"""

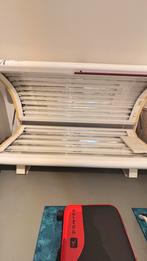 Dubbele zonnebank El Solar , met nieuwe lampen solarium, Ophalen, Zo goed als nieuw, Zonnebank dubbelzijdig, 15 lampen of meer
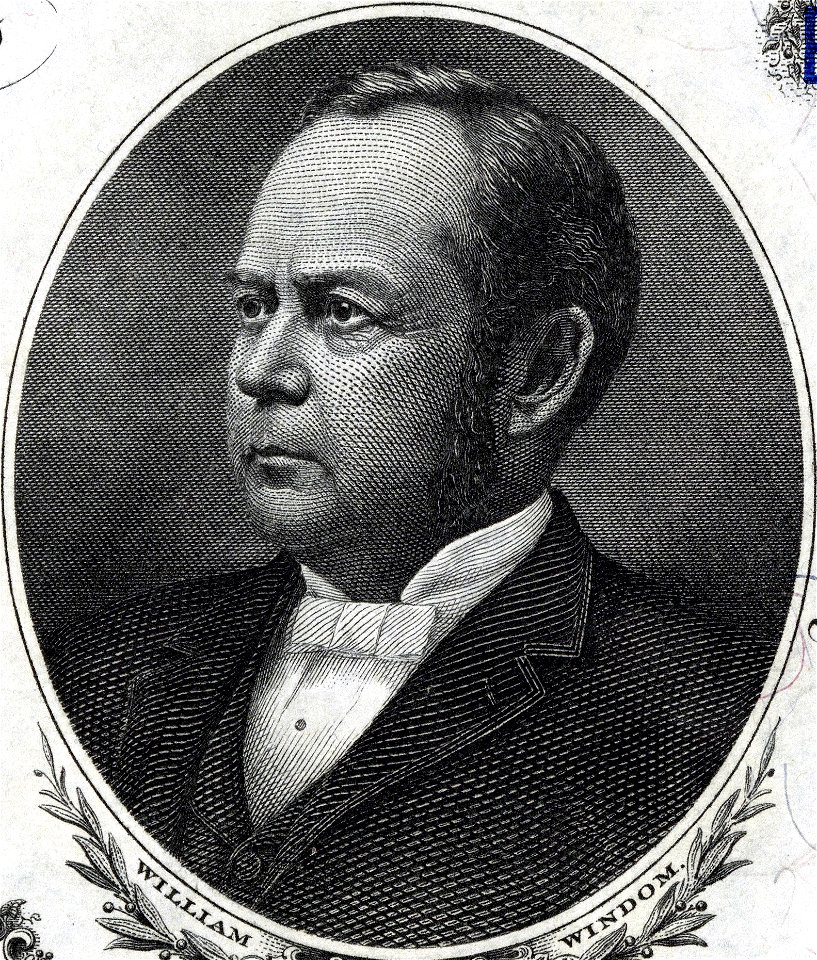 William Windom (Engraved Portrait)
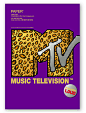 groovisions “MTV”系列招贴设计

"""

Go through the listing above and write it out again exactly, dropping the pictures.

 Dubbele zonnebank El Solar , met nieuwe lampen solarium, Ophalen, Zo goed als nieuw, Zonnebank dubbelzijdig, 15 lampen of meer
 William Windom (Engraved Portrait)
 groovisions “MTV”系列招贴设计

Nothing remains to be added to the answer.